We've cut the amount of money families need to spend on healthcare. We've abolished hospital charges, introduced free contraception, reduced monthly medicines bills, rolled out free IVF and made free GP care available to another half a million people including all children under 8.

Our healthcare workers are delivering a revolution in women's healthcare. We've opened new menopause services, fertility hubs, endometriosis services and same day gynaecology services. We have expanded services in breastfeeding, fertility, mental health and screening.

Next week we're launching Ireland's second Women's Health Action Plan. One of the measures will be to extend free contraception to the age of 35 - the next step in making it available free to all women.

We have passed a new Organ Donation Actl, making us all organ donors by default, with the ability to opt out, rather than the need to opt it. We are so proud to support and grow our palliative care services, providing expert care, dignity and compassion to so many in their greatest time of need.

Minister Mary Butler deserves huge credit for her leadership on mental health services and older persons services including for those living with dementia.

I am determined that this government will take further actions to protect children from the damage from certain smart phone and social media use. It is not okay to target children with content glorifying self harm, or suicide, or eating disorders, or violence against women. Children and their parents must be supported. Companies must be tightly regulated and must be held to account.

We have taken firm action on vaping, making it illegal to sell vapes to anyone under 18. We're now looking at controls on colours, flavours and banning disposable vapes.

Twenty years ago then Health Minister Micheál Martin introduced the workplace smoking ban. It has saved many, many lives. I am proposing a new measure to increase the age at which cigarettes can be bought from 18 to 21. This change has the potential to save many more lives.

We have opened a record number of extra hospital beds and primary care centres. We've hired a huge number of extra healthcare workers. For every GP now retiring, two new GPs are now entering practice.

We're making it easier for people to get the care they need in their own communities, rather than having to go to hospital. To do this, we've built a new community health service with thousands of healthcare workers.

Last year we launched the Public-Only Consultant Contract. This is a fundamental reform in hospital care. It means more patients treated by consultants, patients being treated quicker and getting out of hospital quicker and public hospitals being used to treat public patients. Just one year since the launch of the contract, half the consultant workforce has already signed up.

This investment and reform is working. Take children referred to see an eye specialist. Before now, in many counties including Galway, Wicklow and Dublin, children were having to wait 2 to 3 years. They're now being seen in around 6 weeks.

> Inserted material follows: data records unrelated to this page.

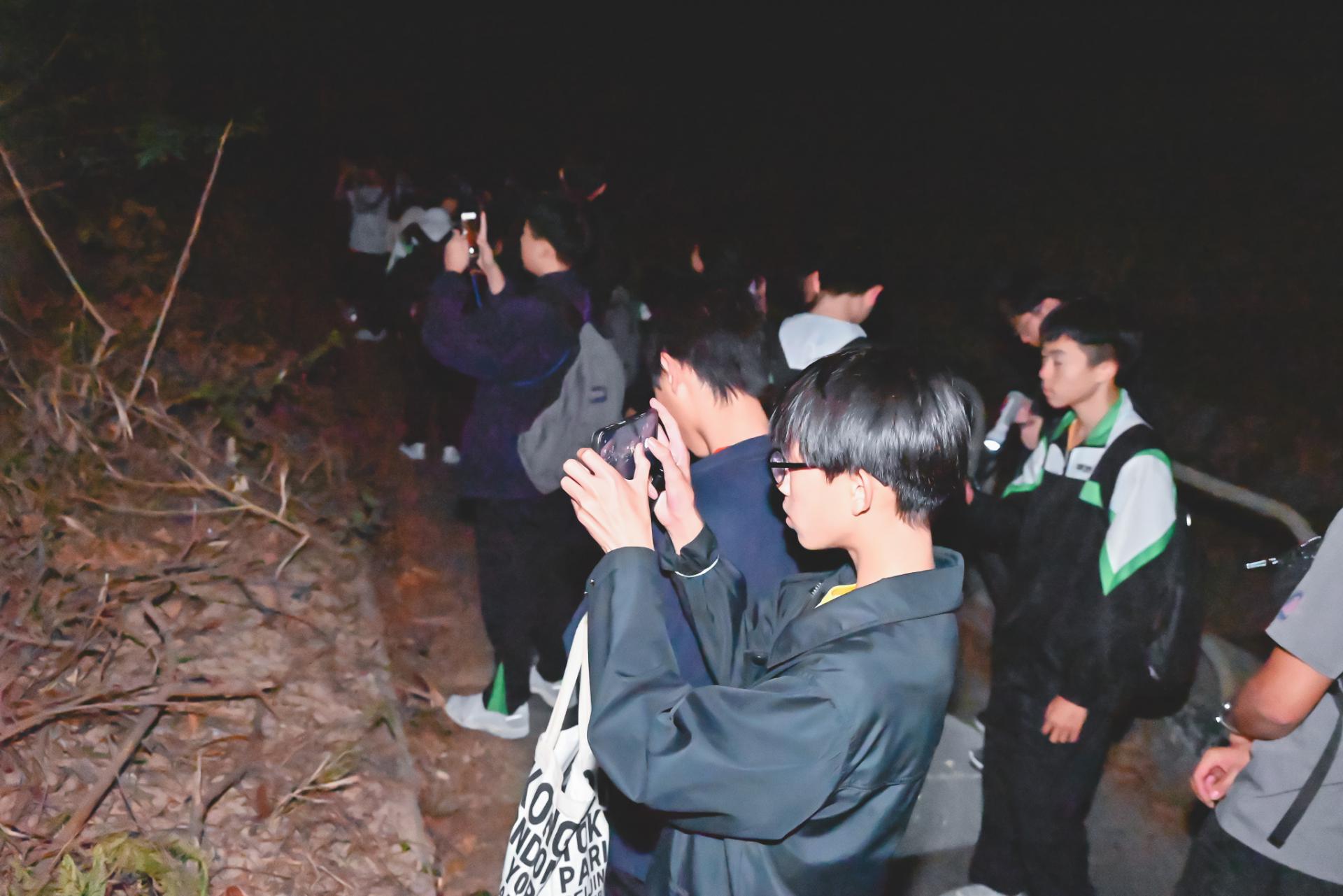 Geography Society “Night Adventure Trek”17 Geography Society “Night Adventure Trek”-17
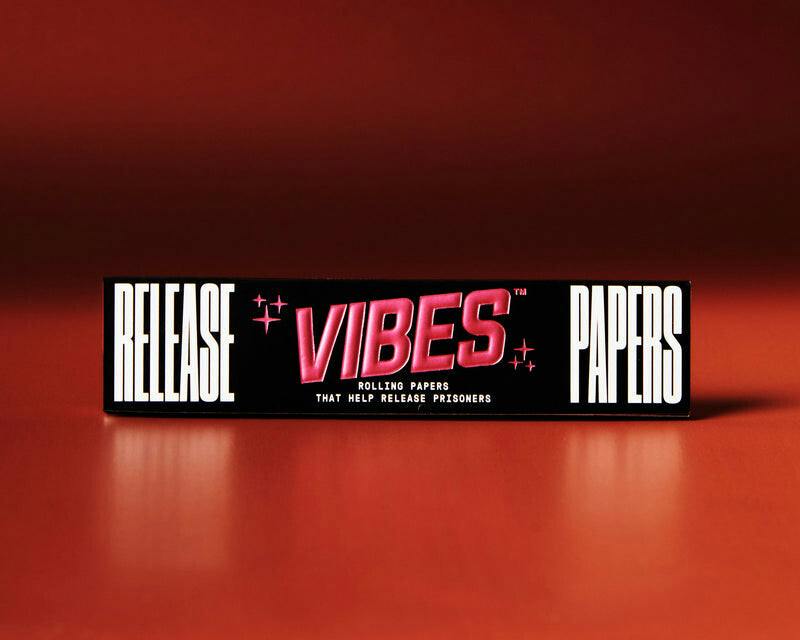 VIBES ULTRA THIN RELEASE PAPERS KING SIZE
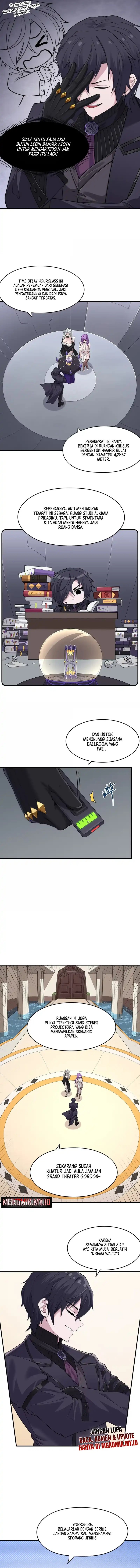 The Evil Alchemist Can’t Handle His Own Experiment Chapter 63 Bahasa Indonesia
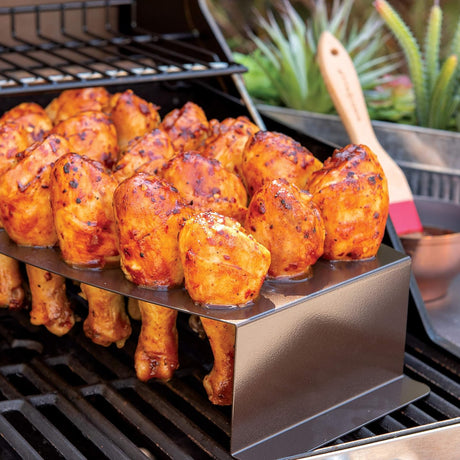 Placa Antiadherente Parrilla Chicken Leg Nordicware 1 un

Things are getting better, but there is still much to be done. Waiting lists are still far too high. When it comes to children waiting for spinal surgery I have set up a new taskforce, with surgeons and patients at the centre. I have provided new funding again this year with the ultimate goal of every child being treated within four months.

Trolley numbers are still far too high. We're adding more beds, more options for patients and better ways of working. We're targeting the hospitals making up the majority of patients on trolleys.

It is a generation since Fianna Fáil delivered the Good Friday Agreement. It is two generations since Donagh O'Malley announced free secondary education. Each was a transformative change. We are here again to deliver change, to make good on our republican values. We will work day-in and day-out to make things better for patients, better for their families and better for our healthcare workers.

In the upcoming elections, we will ask the people to back the progress being made, to back the vision of everyone in Ireland getting the care they need when they need it, to back Fianna Fáil.